> [EXERCISE]:
Go through the entries below and copy each line that holds the word "consulenza".

= Beginning of Section =

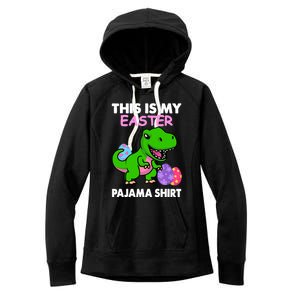 This Is My Easter Pajama Gift Trex Dinosaur Gift Egg Gift Women's Fleece Hoodie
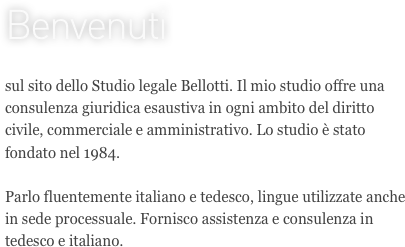 Benvenuti

sul sito dello Studio legale Bellotti. Il mio studio offre una consulenza giuridica esaustiva in ogni ambito del diritto civile, commerciale e amministrativo. Lo studio è stato fondato nel 1984.

Parlo fluentemente italiano e tedesco, lingue utilizzate anche in sede processuale. Fornisco assistenza e consulenza in tedesco e italiano.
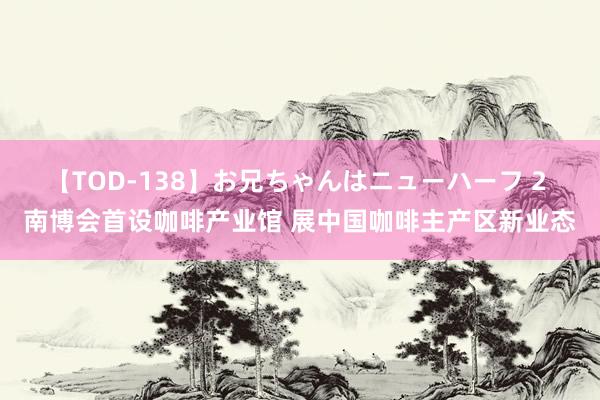 【TOD-138】お兄ちゃんはニューハーフ 2 南博会首设咖啡产业馆 展中国咖啡主产区新业态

= End of Section =

> [SOLUTION BELOW]:
sul sito dello Studio legale Bellotti. Il mio studio offre una consulenza giuridica esaustiva in ogni ambito del diritto civile, commerciale e amministrativo. Lo studio è stato fondato nel 1984.
Parlo fluentemente italiano e tedesco, lingue utilizzate anche in sede processuale. Fornisco assistenza e consulenza in tedesco e italiano.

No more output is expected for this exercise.